*Entries shown:*
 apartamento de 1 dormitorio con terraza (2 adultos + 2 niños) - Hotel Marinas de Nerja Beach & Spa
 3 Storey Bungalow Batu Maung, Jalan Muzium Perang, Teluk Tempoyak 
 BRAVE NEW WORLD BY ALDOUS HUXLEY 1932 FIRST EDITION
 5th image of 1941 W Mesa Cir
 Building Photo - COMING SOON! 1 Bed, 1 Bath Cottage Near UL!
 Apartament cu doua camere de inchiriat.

==

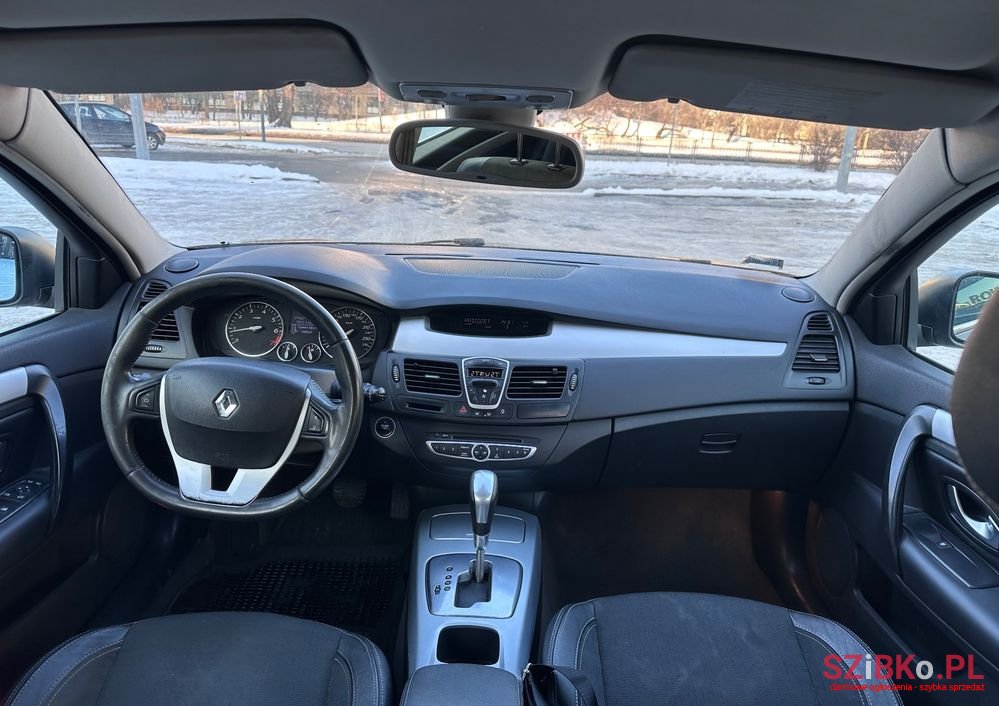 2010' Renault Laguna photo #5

--

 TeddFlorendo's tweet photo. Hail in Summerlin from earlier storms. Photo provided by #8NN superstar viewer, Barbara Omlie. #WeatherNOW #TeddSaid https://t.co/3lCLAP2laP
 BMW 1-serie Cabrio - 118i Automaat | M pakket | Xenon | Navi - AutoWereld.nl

*Action item:* Take the entries above and return only the lines from the one with "3 Storey Bungalow" to the one with "Apartament cu doua camere de inchiriat.", both included, unchanged.

*Answer space:*
 3 Storey Bungalow Batu Maung, Jalan Muzium Perang, Teluk Tempoyak 
 BRAVE NEW WORLD BY ALDOUS HUXLEY 1932 FIRST EDITION
 5th image of 1941 W Mesa Cir
 Building Photo - COMING SOON! 1 Bed, 1 Bath Cottage Near UL!
 Apartament cu doua camere de inchiriat.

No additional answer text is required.